The profit rose "on account of cost reduction efforts, lower operating expenses, lower commodity prices and reduction in the corporate tax rate, partially offset by higher sales promotion expenses, higher depreciation, and lower fair value gains on invested surplus," the company said in a statement.
In Q3, Maruti saw 2 per cent growth compared to the same period previous year in terms of the total vehicle sale at 437,361 units. Sales in the domestic market grew by 2 per cent YoY at 413,698 units, while the company exported 23,663 cars. During the quarter, Maruti registered 3.8 per cent growth YoY in net sales at Rs 19,649 crore.

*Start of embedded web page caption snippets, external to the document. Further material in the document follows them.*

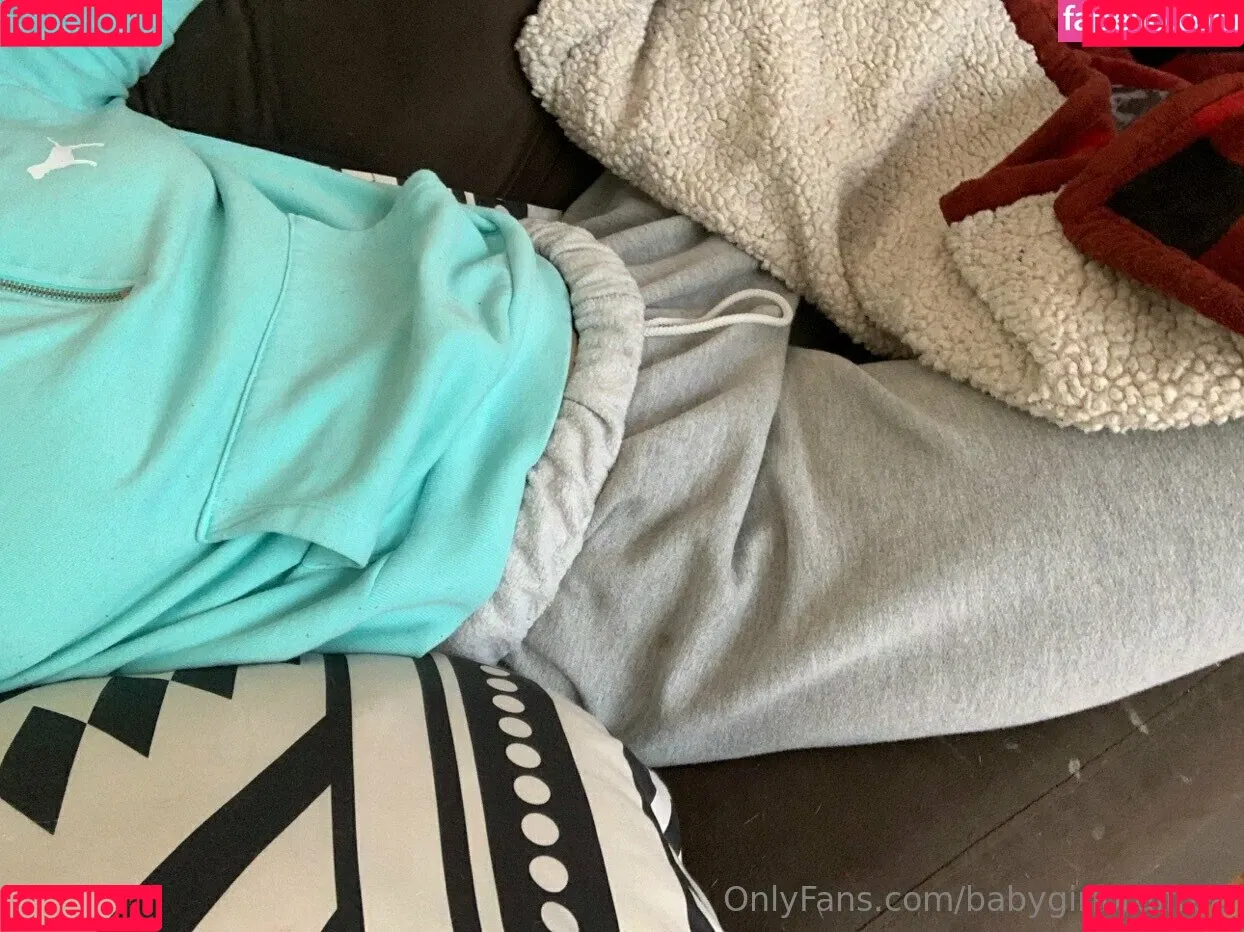 babygirlbrdlfree Onlyfans Photo Gallery 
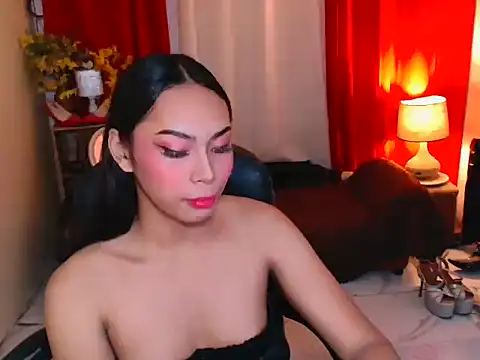 kylieEmparado Шоу с уебкамера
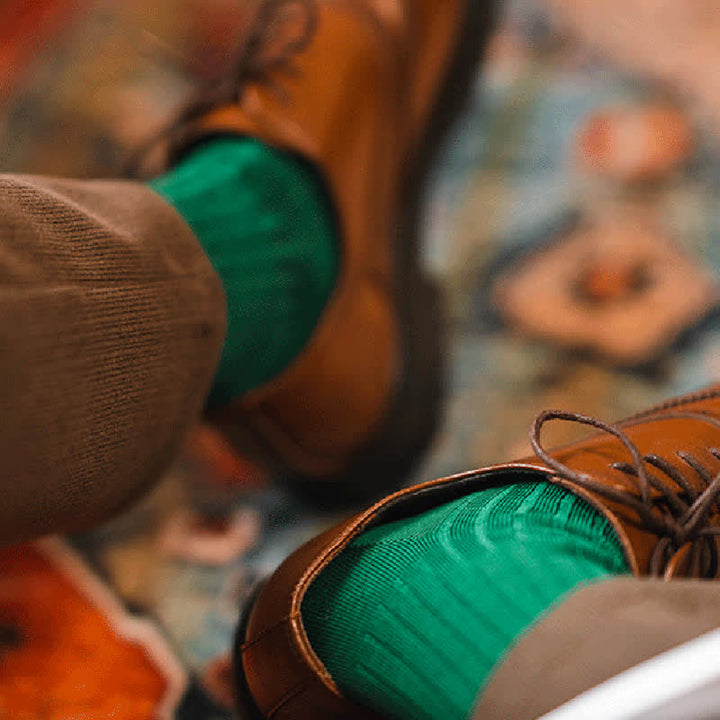 Chaussettes d'affaires simples en coton de couleur unie pour hommes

Overall in the past three quarters, the company has seen a 16.1 per cent decline YoY in sales at 1,178,272 units. Sales in the domestic market stood at 1,100,698 units (lower by 16.9 per cent), while the company exported 77,574 units.
The company's net profit in the period declined 23.6 per cent YoY, while total sales plunged 12.5 per cent YoY to Rs 54,504. A major reason for overall declining revenue is believed to be "lower sales volume, higher sales promotion expenses and higher depreciation, partially offset by cost reduction efforts, higher fair value gains on invested surplus and reduction in corporate tax rate".
Following the earnings update, the shares of Maruti Suzuki fell 1.4 per cent intraday to the day's low of Rs 7,040.05 on BSE today.